For multi-node jobs, srun (or similar) must be used to distribute the tasks on the different nodes in the Slurm job allocation. srun and flux have the advantage of doing that in a rather automatic way, leaving the user mostly with focusing on the task workflows themselves. mpiexec also allows for such a distribution. But in order to place the tasks to the correct nodes and CPUs, both hostlists and CPU masks must be used. Doing such things explicitly can be very tedious.

Many workflow tools unfortunately work only on the level of sbatch (when they support Slurm). Compute nodes are but no submit hosts on our clusters. This simply doesn't work!

The restriction of srun-steps, and especially not bluntly creating srun steps in the background (srun & wait idiom) in a for loop, is important in order not to overwhelm the Slurm managers. That's because Slurm will handle each srun call as sort of a job submission as well, and tries to schedule these tasks as if they were normal Slurm jobs. That puts extra load on the Slurm-scheduler. Using flux-framework, you can completely circumvent that issue. If you prefer srun, you can use GNU parallel to limit the job steps aktive at a time.

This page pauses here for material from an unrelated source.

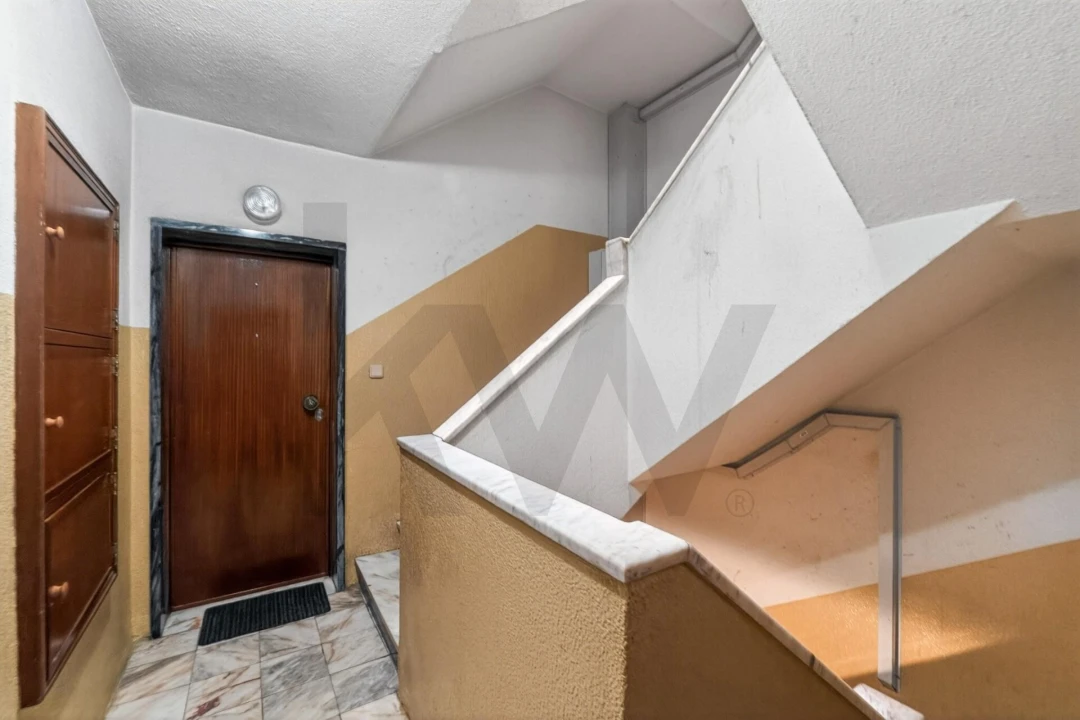 Apartamento T2 para Arrendamento em Cacém e São Marcos Foto 11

By "checkpointing/restarting" we mean sort of a "statefulness" of the task-farming's progress in order to avoid repetition of tasks and work progression from an intermediate state after a job stopped working, and was restarted. Jobs can run into wallclock timeout, or may plain suffer from a node failure. "checkpointing/restarting" is a method of increasing efficiency resilience of jobs. This can be complemented by fail-safeness considerations, for which task-farming jobs might be very suitable. That is, a multi-node farming job can continue usually even if one node failed ... then just with less resources. The failed and unscheduled/unprocesses tasks on that node can be redistributed to the remaining nodes.